For our effort, we used sampled covariates to simulate each round of the 2015 Tournament. Winners from previous rounds are used to simulate subsequent rounds (i.e., we do not use real-life outcomes to select matchups for any round after the first), allowing us to estimate how far any team could have progressed in the tournament. Our initial simulation method applied each sampled logistic regression model to each matchup and declared the winner to be the team with the highest probability of winning (i.e., that team with probability greater than 0.5). That works decently for evently-matched teams, but performs poorly when estimating win probability for significant underdogs, who should win sometimes against statistically superior opponents. To fix this, we treated each game as a Bernoulli trial; we used the logistic regression model output (a probability) to parameterize its distribution and draw randomly from it using SciPy.

Code

Tournament simulations are executed with a complex set of recursive functions. /src/model/game_predictions.py contains all simulation code and comments to help the reader decipher its operation. /src/model/tournament_simulations.ipynb contains the actual execution and analysis of tournament outcomes.

Results

Our simulations showed the following teams to be the most likely to advance deep in the tournament: Kentucky, Villanova, Wisconsin, Duke, Virginia, Arizona, and Gonzaga. These rates pass a simple test of believability, as those teams were generally regarded as the best in the tournament. And with two major exceptions (discussed further below), these teams did perform well in the tournament.
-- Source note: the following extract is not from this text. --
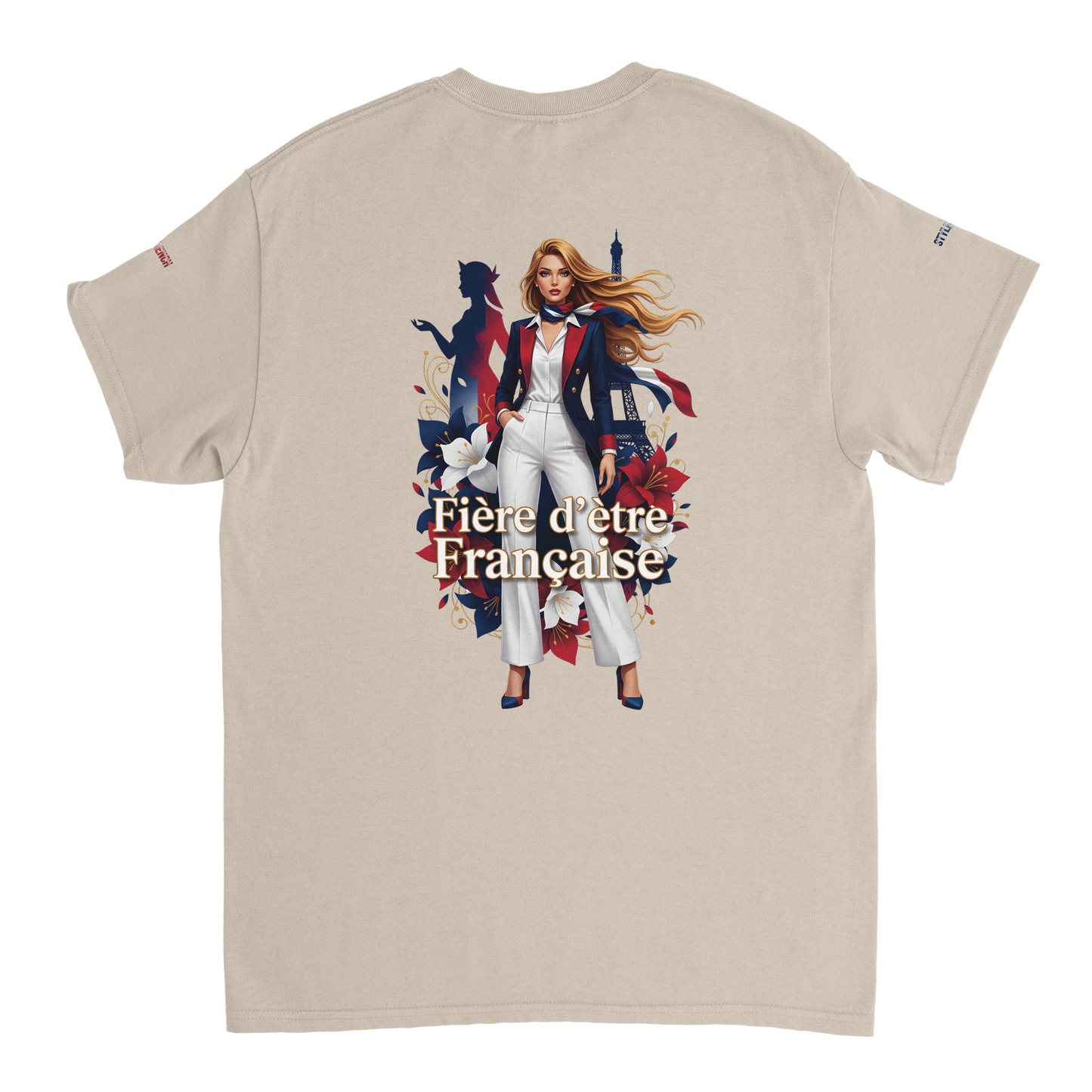 T-shirt Femme Fière d'être Française - Coton Premium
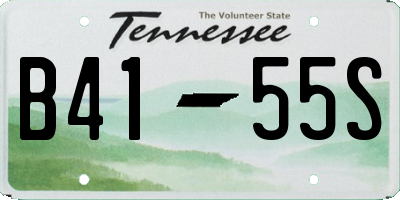 TN license plate B4155S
Overall team success is summarized in the table below. Teams at the top won the most games in the actual tournament; i.e., Duke won the tournament and the bottom 32 teams were eliminated in the first round. Percentages represent the portion of simulations in which each team won in that round. Green percentages show rounds where teams won; red percentages show rounds where they lost. For example, Duke’s 98% in the upper left indicates that they won in the first round in 98% of simulations; the green color indicates that they won that game in real life. The table is scrollable; scroll down to see more results.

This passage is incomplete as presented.